Pasca Jembatan Mentawai Ambruk, BPBD Rohul Turunkan Tiga Speedboat Untuk Sarana transportasi Warga


Rohultoday.co- ‎Badan penanggulan Bencana Daerah (BPBD) kabupaten Rokan Hulu  turunkan Tiga Speedboat untuk menyebrangkan warga yang hendak menuju empat desa di kecamatan Rokan IV Koto. 

Penurunan Speedboat ini dilakukan, karna Jembatan darurat sungai Mentawai di jalan lintas Provinsi Riau, menghubungkan Kelurahan Rokan dengan empat desa di Kecamatan Rokan IV Koto, Kabupaten Rokan Hulu (Rohul) kembali ambruk dan hanyut pada Selasa (28/2/2017) siang sekitar pukul12.00 WIB. 

Dimana, Jembatan Mentawai panjang sekira 30 meter dilaporkan ambruk dan hanyut karena diterjang banjir. 

Hanyutnya jembatan ini,  merupakan ke sekian kalinya. Terakhir, jembatan dari material kayu ini ambruk dan hanyut pada minggu  7 Februari 2016 silam. 

Akibat ambruknya jembatan Mentawai menyebabkan masyarakat empat desa di seberang sungai sementara terisolir, yakni Desa Cipang Kiri Kanan, Cipang Kiri Hulu, Tibawan, dan Cipang Kanan. 

Kepala Pelaksana BPBD Rohul Aceng Herdiana mengaku, penurunan speedboat ini, karna masyarakat sekitar sangat membutuhkan armada untuk menyebrang, baik dari ‎empat desa maupun dari arah sebaliknya. 

"Kita tadi bisa liat sudah banyak masyarakat yang menunggu untuk menyebrang, makanya kita turunkan tiga ‎armada untuk menyebrang, kita akan selalu memberikan pelayanan yang terbaik untuk masyarakat," katanya, Rabu (1/3/2017) di sela-sela meninjau lokasi putusnya jembatan mentawai. 

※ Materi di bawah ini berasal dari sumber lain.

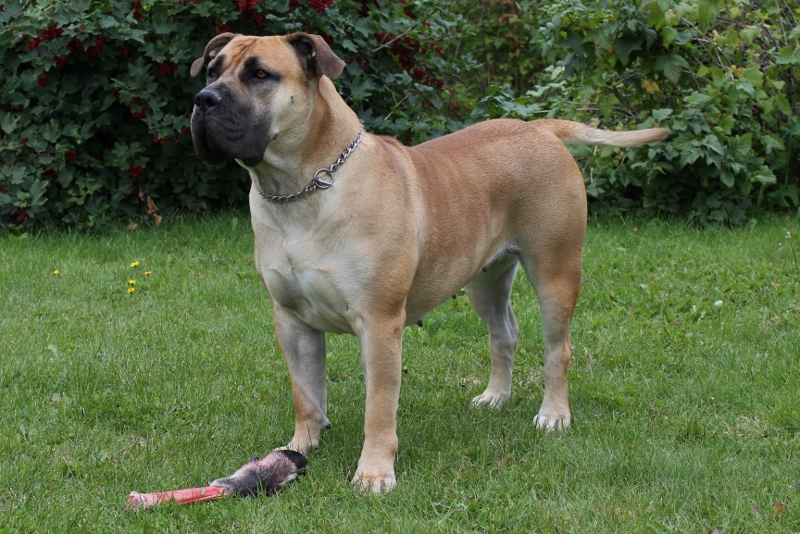 boerboel reinsfot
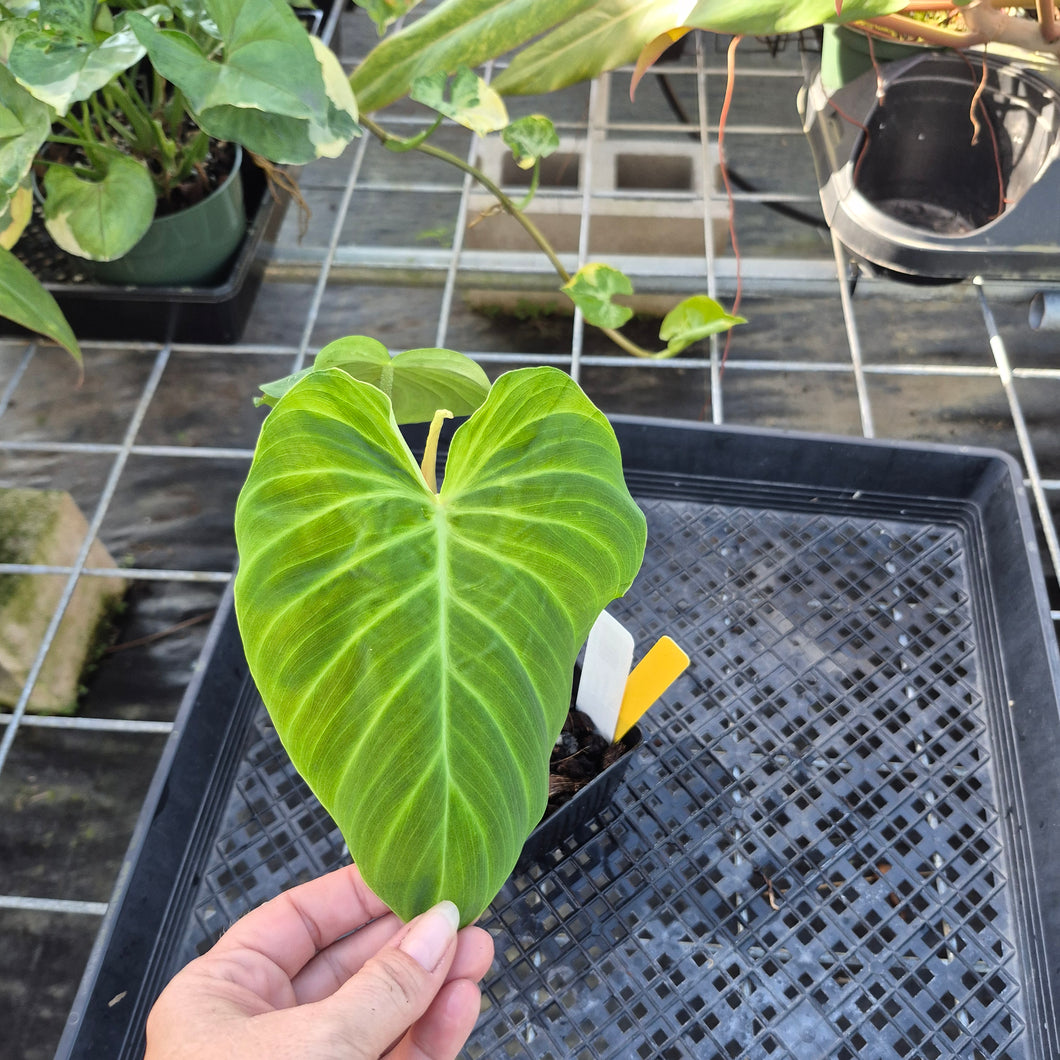 Philodendron Verrucosum Pseudoverrucosum Croat , Exact Plant Ships Nationwide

Aceng juga menambahakan, terkait bantuan untuk pembuatan jembatan, pihaknya sudah mengusulkan kepada provinsi Riau, dan saat ini provinsi sudah menganggarkan, dan tidak lama lagi jembatan ini akan bisa permanen. 

Untuk bantuan tanggap darurat sepertinya saat ini masyarakat masih belum terdampak betul, kemungkinan tiga sampai empat hari ke depan, ‎baru bisa terdampak, seperti harga sembilan bahan pokok akan melonjak. 

Dirinya menghimbau kepada masyarakat sekitar untuk tetap menjaga persatuan dan kesatuan, dan tetap selalu siaga, karna bencana banjir bisa datang kapan saja tanpa diketahui. 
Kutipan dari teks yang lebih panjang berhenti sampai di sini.